For the week of January 6, 1999   thru January 12, 1999  

What we have


Think politicians are despicable? Distrust the media? Join the club. So does China.

Just six months after President Clinton visited and praised the new openness, the Chinese government reverted to its old ways.

In December, courts sent six dissidents to jail or labor camps for trying to establish China’s first opposition party.

Then the country’s highest court warned that publishers would get stiff jail terms if they "threatened state security." One day later, an official newspaper announced that 16 people had been jailed in the past year for publishing illegal political tracts.

It’s fashionable in the U.S. to demean politicians as self-serving power-hungry people who want only to take and spend Americans’ hard-earned money—on all the wrong things.

It’s fashionable to complain about news media. Journalists are regularly criticized for "liberal bias," inaccuracy and use of anonymous sources.

Even so, politicians are free to please voters, not just party bosses. Journalists are free to speak and write the truth as best they can, without fear of imprisonment.

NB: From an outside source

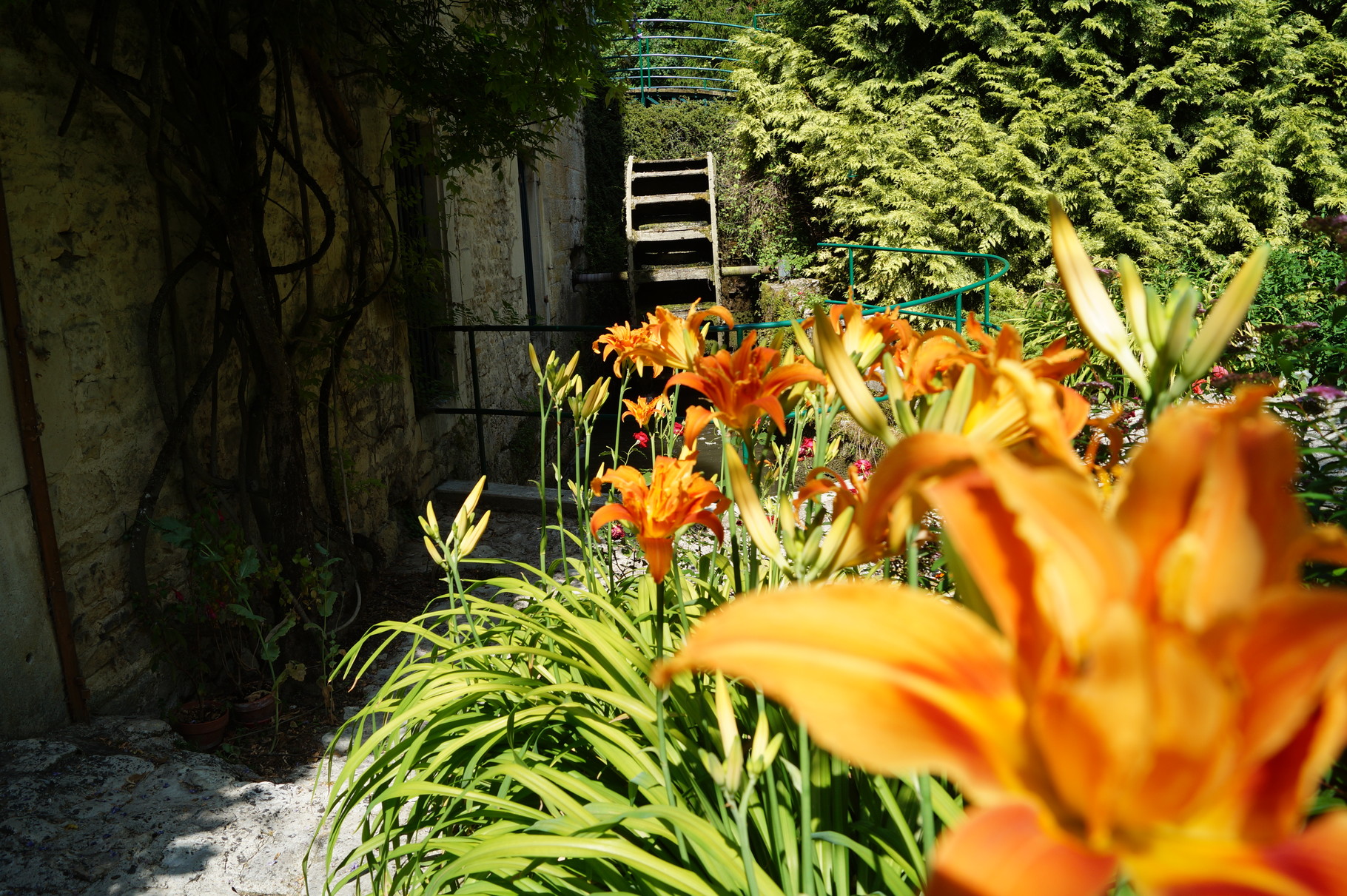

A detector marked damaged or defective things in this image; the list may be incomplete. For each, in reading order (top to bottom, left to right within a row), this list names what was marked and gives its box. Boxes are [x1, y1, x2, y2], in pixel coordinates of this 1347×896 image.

rusty metal pipe [0, 159, 88, 719]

Citizens are free to think, to speak and to vote as they please. Americans cannot be jailed or killed for not toeing a party line.

These are simple concepts. Yet, after more than 200 years, it’s easy to take freedom for granted. It’s hard to imagine that others live their entire lives oppressed by a system controlled by a favored few. It’s hard to believe that in a Chinese system, thinking like an American would be a ticket to a labor camp.

As we begin a new year of carping and complaining about the ills of America, we should take a good look at what we have.